Exercise prompt: Repeat, line for line, the entries below from the first line to the line containing "Fall Gift Baskets, Basket", counting both ends.

The input:
-- Opening Marker --
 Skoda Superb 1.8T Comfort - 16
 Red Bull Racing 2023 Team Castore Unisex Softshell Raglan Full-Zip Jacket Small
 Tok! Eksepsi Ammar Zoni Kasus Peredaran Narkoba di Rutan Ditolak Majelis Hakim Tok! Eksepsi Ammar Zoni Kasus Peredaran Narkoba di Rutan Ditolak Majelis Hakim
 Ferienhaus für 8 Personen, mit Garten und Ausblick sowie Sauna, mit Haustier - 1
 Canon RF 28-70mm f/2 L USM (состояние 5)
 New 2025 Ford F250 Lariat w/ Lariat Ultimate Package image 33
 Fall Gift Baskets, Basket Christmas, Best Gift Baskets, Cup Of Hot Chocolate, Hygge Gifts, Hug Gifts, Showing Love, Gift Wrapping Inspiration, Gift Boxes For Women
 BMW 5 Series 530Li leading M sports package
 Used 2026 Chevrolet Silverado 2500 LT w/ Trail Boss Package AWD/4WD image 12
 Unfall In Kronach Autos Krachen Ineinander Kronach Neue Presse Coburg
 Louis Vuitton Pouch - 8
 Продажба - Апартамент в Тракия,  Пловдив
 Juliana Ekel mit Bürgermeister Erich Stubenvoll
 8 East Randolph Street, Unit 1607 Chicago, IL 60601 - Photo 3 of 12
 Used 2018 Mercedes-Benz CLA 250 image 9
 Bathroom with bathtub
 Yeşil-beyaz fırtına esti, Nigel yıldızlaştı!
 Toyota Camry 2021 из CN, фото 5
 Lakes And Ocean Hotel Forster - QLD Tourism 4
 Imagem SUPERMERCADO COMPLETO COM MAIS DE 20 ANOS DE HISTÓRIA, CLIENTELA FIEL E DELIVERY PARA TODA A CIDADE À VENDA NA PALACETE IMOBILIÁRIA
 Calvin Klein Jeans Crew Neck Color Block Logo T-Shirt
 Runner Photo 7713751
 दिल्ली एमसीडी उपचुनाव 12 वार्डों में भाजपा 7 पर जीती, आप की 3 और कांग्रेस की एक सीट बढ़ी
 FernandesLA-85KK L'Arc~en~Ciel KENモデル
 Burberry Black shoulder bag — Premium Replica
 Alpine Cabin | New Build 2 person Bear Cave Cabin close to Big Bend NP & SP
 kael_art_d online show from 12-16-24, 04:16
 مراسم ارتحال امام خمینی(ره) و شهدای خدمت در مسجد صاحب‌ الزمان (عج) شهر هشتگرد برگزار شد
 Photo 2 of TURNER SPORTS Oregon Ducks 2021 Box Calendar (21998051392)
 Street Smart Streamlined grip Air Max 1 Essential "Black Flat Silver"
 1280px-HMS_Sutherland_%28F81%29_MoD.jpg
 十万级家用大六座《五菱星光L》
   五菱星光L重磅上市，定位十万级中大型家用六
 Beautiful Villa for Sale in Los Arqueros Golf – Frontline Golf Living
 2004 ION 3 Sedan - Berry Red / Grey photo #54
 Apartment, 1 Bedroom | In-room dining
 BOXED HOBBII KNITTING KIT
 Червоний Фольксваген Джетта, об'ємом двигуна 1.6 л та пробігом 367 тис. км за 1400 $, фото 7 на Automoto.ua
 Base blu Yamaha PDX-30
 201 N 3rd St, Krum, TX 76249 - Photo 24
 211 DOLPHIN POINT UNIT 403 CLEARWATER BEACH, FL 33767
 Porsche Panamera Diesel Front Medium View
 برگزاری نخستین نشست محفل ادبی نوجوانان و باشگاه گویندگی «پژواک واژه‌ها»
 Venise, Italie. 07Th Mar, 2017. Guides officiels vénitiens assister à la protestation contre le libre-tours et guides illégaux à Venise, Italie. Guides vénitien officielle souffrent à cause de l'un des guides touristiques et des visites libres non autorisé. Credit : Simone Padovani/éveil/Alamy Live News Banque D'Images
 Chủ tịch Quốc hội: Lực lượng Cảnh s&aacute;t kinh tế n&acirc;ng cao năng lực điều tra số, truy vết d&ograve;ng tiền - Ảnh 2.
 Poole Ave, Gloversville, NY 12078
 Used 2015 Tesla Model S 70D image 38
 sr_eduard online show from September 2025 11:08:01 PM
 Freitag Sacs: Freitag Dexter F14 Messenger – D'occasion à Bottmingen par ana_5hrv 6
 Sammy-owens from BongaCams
-- Closing Marker --
Answer:
 Skoda Superb 1.8T Comfort - 16
 Red Bull Racing 2023 Team Castore Unisex Softshell Raglan Full-Zip Jacket Small
 Tok! Eksepsi Ammar Zoni Kasus Peredaran Narkoba di Rutan Ditolak Majelis Hakim Tok! Eksepsi Ammar Zoni Kasus Peredaran Narkoba di Rutan Ditolak Majelis Hakim
 Ferienhaus für 8 Personen, mit Garten und Ausblick sowie Sauna, mit Haustier - 1
 Canon RF 28-70mm f/2 L USM (состояние 5)
 New 2025 Ford F250 Lariat w/ Lariat Ultimate Package image 33
 Fall Gift Baskets, Basket Christmas, Best Gift Baskets, Cup Of Hot Chocolate, Hygge Gifts, Hug Gifts, Showing Love, Gift Wrapping Inspiration, Gift Boxes For Women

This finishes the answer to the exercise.